The Support Vector Machine (SVM) is a widely recognized technique used for classifying large feature spaces reliably. It is a statistical model that employs machine learning approaches to capture complex relationships between variables. The primary principle underlying the Support Vector Machine revolves around distinguishing information between different classes by identifying an optimal hyperplane. This hyperplane is chosen to have the maximum margin or distance to the nearest training data points of any class, ensuring superior generalization capabilities.

This method offers several advantages. It exhibits remarkable performance in high-dimensional spaces and effectively manages memory usage by utilizing a subset of training points in its decision function. However, it may not be as efficient when the number of features exceeds the number of samples.

Quick start

Compile:

rebar3 compile

Create a model

% features should be a list with tuples where first element is the item class and the second one the feature vector.

Features = [
    {1, [1 ,3, 4, 5]},
    {0, [0 ,2, 4, 6]},
    {1, [0 ,2, 4, 6]}
],

FeaturesCount = length(Features),

{ok, Model} = esvm:model_create(Features, FeaturesCount, [
    {<<"svm_type">>, ?SVM_TYPE_C_SVC},
    {<<"kernel_type">>, ?KERNEL_TYPE_RBF}
]).

Available parameters you can tune when creating a model:

  • svm_type : One of SVM_TYPE_* from esvm.hrl. Default to SVM_TYPE_C_SVC.
  • kernel_type: One of KERNEL_TYPE_* from esvm.hrl.

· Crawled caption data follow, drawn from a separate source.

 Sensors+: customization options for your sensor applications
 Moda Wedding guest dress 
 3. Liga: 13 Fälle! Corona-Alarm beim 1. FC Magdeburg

Default to KERNEL_TYPE_RBF.
  • degree: Set degree in kernel function (default 3).
  • gamma: Set gamma in kernel function (default to: 1/max feature length).
  • coef0: Set coef0 in kernel function (default 0).
  • cache_size: Set cache memory size in MB (default 100).
  • eps: Set tolerance of termination criterion (default 0.001).
  • C: set the parameter C (cost) of C-SVC, epsilon-SVR, and nu-SVR (default 1).
  • nu: set the parameter nu of nu-SVC, one-class SVM, and nu-SVR (default 0.5).
  • p: set the epsilon in loss function of epsilon-SVR (default 0.1).
  • shrinking: whether to use the shrinking heuristics, 0 or 1 (default 1).
  • probability: whether to train a model for probability estimates, 0 or 1 (default 0).

Save a model

true = esvm:model_save(Model, <<"path/file.model">>).

Load an existing model

{ok, Model} = esvm:model_load(<<"path/file.model">>).

Prediction

{ok, PredictedClass} = esvm:model_predict(Model, Feature).

Tests

Inside classification_test.erl from test folder you can find an example on how you can create a model that classify if a sms message is spam or not using SVM.

The data source used to train the model can be downloaded from here.

In order to run the tests execute rebar3 eunit from project root.